Replying to [zooko]comment:4:

For that matter, what about the major strategy change of not
implementing daemonization ourselves at all! We could leave that
job up to daemontools, supervisord, upstart, systemd, or tahoe run > tahoe-stdout.log.txt 2> tahoe-stderr.log.txt &.

I dunno. Daemonizing a tahoe node is a very common thing for people
to do. Twisted has excellent built-in daemonization tools. I don't
want to ask users to discover and learn some external daemonization
tool before they're able to do a very common operation. And my own
test/deployment workflow would be a lot harder if I had to use
daemontools just to launch a half-dozen local nodes. I still miss
tahoe's built-in --multiple feature.
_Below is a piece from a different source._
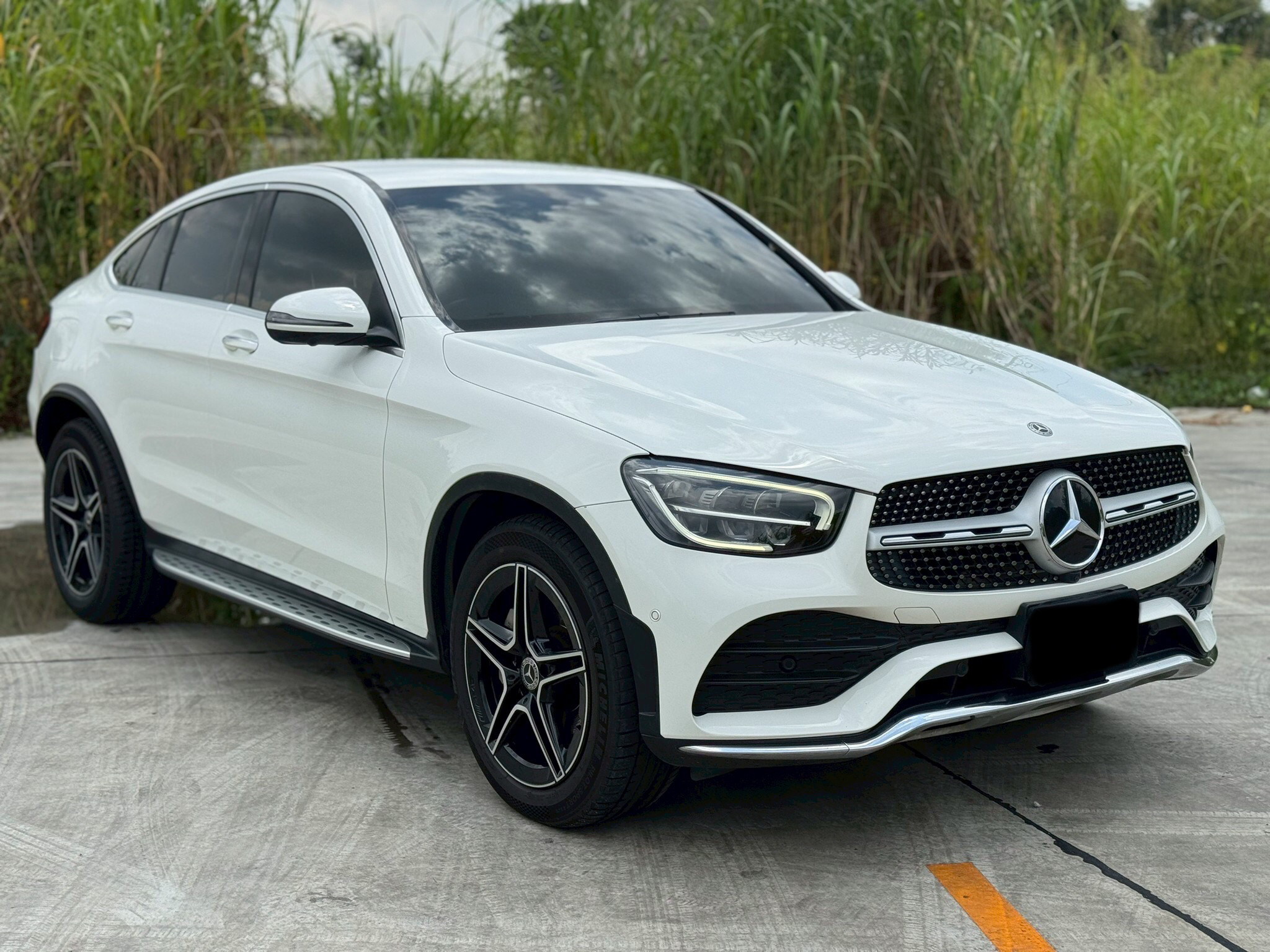 Mercedes Benz GLC220d AMG Coupe ปี 2019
So I'm -1 on removing
this functionality from tahoe.

Incidentally, that tahoe run >logs & command doesn't record a
PID anywhere (making it hard to kill, especially when you run
multiple nodes), doesn't necessarily detach from the terminal (so
logging out might kill the process), doesn't rotate the logfiles,
throws any init-time errors into the stderr logfile where they
won't be noticed, and has no way to report setup/config errors via
an exit status code. All things that tahoe start provides :).

OS packagers, on the other hand, will have some preferred
daemonization solution in mind already, so the non-daemonizing
tahoe run is important to maintain for them to use.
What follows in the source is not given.